Assemblies and Nature
Sunday, December 30, 2018
MIT Wiesner Student Art Gallery
Artists Neil Gaikwad and Isabel Moya Camacho show the contrast between the synthetic and the organic, from a nature-inspired design to a design-inspired nature. Curated exhibition by Sam Hunter Magee and Justin Playl.
Since the Industrial Revolution, the world of design has been dominated by the rigors of manufacturing and mass production. Assembly lines have dictated a world made of parts, framing the imagination of designers who have been trained to think about their objects as assemblies of discrete parts with distinct functions.

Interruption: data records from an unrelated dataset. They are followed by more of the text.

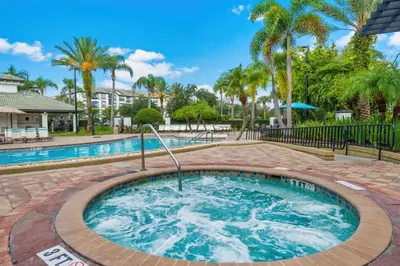 a hot tub with palm trees in the background at Totally Remodeled Beauty WOW in Orlando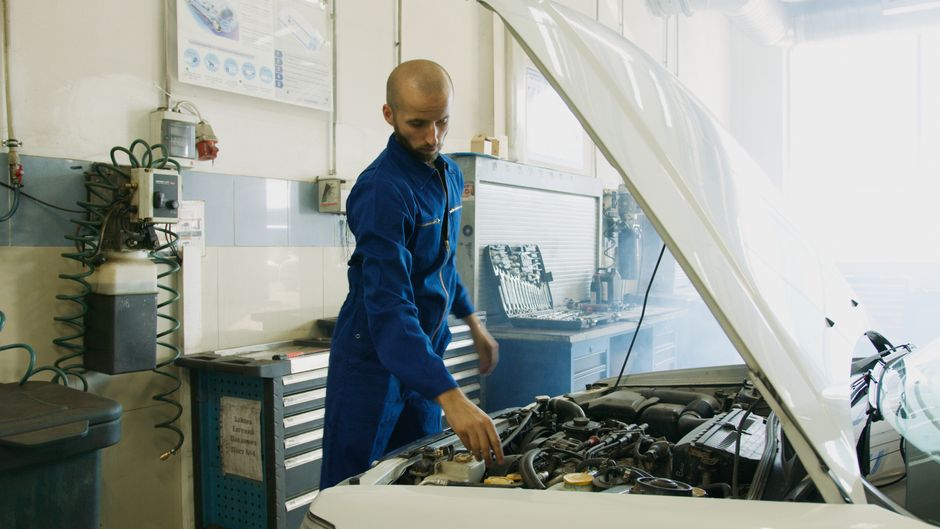 Technician using a diagnostic scan tool on an engine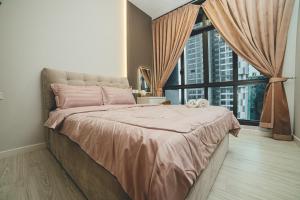 a bedroom with a large bed and a large window at Sky88 De Next 2br4pax Near CIQ KSL Midvalley by Our Stay in Johor Bahru +43 photos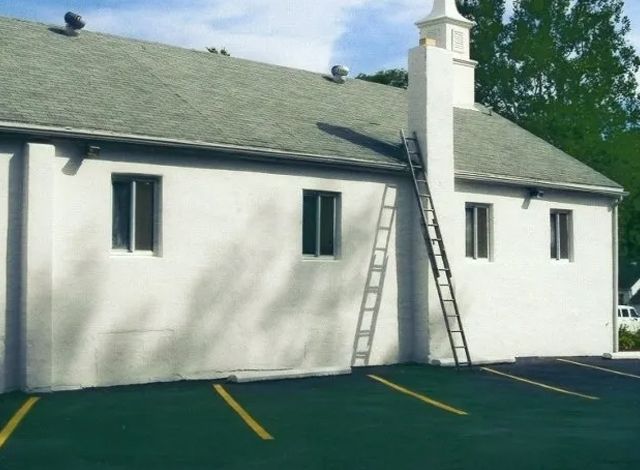 A white building with a ladder leaning against it
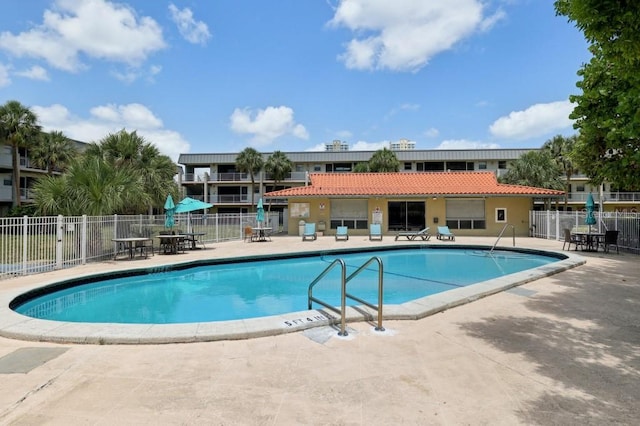 pool featuring fence and a patio area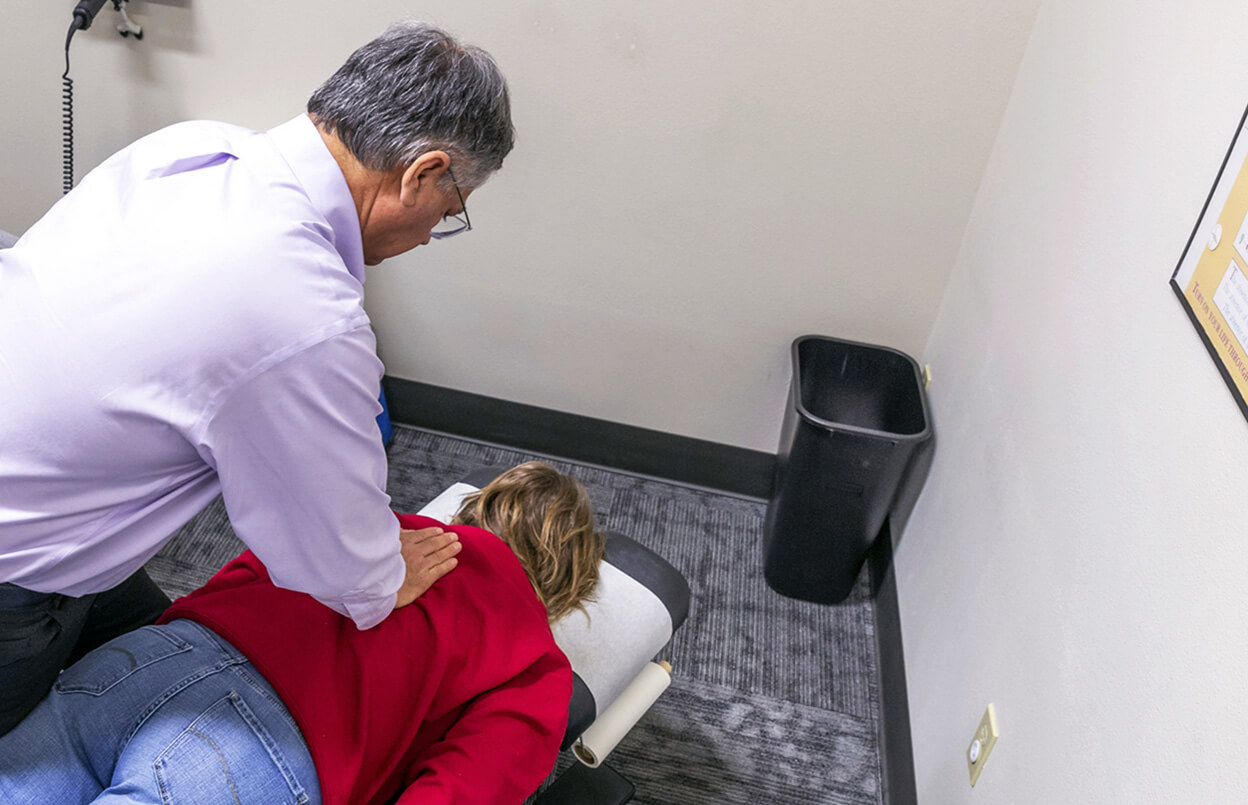 Dr. Longie adjusting woman's back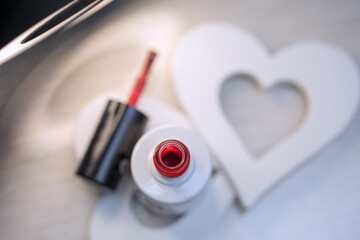 Beautiful red varnish in a bottle in a nail salon for nail design for Valentine's Day.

But you don't find homogenous material assemblies in nature, where there are no parts, no assemblies. It's a system that gradually varies its functionality by varying one of its properties. Between machine and organism, between assembly and growth, between Henry Ford and Charles Darwin. These two worldviews, analysis and synthesis. Our work is about uniting these two worldviews, moving away from assembly and closer into growth.
Neil Gaikwad, a MIT Arts Scholar, captures the simple complexities of our planet, including glacier landscapes, cultures and burning societal challenges across the world. Neil is a current Phd candidate at the MIT Media Lab focused on Artificial Intelligence and Human Computer Interaction.
Isabel Moya Camacho, a MIT Sloan student, explores the boundaries between matter and space, fundamentally expanding and enhancing the ways in which humans interact with the built environment. As an architect and artist, she has been awarded by the Spanish Royal Academy of the Arts and her work is part of the Collection of Fine Arts in the Spain's Biblioteca Nacional.